House prices, now excluded from euro zone inflation data, would have persistently raised consumer prices in recent years, a study published by the European Central Bank showed on Tuesday, highlighting policymakers’ unease with the current indicator.
Once corrected for housing costs, euro zone inflation would have hit or even exceeded the ECB’s target some years, even as the bank was providing extraordinary stimulus to raise prices, figures from the study showed.
The paper, part of the ECB’s recent strategy review, concluded that housing costs would have led to “persistently higher” inflation since around 2014 and between 2018 and 2020, inflation would have been around 0.2-0.3 percentage points higher.
The ECB stopped asset purchases, commonly known as quantitative easing, at the end of 2018 and the figures on housing prices appear to support the argument of conservative policymakers at the time that inflation developments would have allowed for an earlier exit.

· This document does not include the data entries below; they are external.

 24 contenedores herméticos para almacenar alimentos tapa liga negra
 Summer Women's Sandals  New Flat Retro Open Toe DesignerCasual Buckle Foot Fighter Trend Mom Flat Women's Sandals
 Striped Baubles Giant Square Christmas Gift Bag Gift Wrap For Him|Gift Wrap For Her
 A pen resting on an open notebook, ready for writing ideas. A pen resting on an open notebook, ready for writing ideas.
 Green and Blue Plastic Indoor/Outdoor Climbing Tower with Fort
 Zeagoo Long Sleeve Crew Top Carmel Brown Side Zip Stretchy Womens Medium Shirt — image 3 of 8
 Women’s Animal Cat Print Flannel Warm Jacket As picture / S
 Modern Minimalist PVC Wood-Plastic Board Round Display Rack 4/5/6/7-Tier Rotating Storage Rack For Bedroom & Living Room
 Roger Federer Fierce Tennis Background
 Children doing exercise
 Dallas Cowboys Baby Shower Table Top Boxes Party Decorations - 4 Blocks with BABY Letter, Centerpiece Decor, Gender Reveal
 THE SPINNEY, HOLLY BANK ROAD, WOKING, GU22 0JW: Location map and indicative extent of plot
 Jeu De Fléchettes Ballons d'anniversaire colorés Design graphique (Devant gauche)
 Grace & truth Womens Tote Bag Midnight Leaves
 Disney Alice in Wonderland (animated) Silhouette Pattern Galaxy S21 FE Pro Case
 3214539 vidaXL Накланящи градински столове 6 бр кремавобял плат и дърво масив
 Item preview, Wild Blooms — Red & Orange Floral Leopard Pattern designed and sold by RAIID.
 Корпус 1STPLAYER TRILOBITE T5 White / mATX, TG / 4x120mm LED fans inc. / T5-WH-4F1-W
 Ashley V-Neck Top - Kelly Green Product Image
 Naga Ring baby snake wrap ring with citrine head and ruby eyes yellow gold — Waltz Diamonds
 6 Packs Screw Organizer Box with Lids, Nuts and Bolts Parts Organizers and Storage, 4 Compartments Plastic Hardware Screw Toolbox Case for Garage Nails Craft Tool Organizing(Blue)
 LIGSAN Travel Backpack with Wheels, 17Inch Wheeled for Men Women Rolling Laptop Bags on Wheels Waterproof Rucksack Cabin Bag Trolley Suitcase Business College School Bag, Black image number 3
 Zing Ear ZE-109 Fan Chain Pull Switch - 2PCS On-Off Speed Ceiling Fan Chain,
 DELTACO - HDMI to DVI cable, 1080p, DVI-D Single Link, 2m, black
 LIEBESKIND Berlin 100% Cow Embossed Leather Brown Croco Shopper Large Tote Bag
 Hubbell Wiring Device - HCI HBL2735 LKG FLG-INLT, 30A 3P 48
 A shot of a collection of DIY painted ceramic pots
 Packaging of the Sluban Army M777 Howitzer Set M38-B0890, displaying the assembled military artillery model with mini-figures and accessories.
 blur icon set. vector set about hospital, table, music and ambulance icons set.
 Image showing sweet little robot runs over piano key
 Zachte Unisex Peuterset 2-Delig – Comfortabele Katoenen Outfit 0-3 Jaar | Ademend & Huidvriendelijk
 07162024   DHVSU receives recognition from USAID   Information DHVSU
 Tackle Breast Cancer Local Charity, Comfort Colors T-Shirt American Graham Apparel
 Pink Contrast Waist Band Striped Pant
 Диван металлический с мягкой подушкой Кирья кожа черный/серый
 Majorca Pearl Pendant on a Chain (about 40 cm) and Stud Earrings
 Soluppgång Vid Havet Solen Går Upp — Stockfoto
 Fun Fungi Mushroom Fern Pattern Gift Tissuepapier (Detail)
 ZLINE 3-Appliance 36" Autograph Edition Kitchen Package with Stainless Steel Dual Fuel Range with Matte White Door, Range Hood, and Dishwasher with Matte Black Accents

Although the ECB does not calculate inflation data, it said in July that it would consider estimates on the cost of owner-occupied housing on inflation until Eurostat, the EU’s statistics agency, fixes the broader measure.
Over two decades, however, the adjusted inflation figure would have been little different, the study argued, as housing costs could have been a drag on prices.
Still, policy hawks argue that exceptionally low interest rates put an upward pressure on house prices, so this pressure on inflation is likely to persist for years to come and data used to calibrate policy, are not capturing this.
The paper added that experimental, quarterly inflation figures with housing included could be published in 2023 while official quarterly data are not expected until 2026.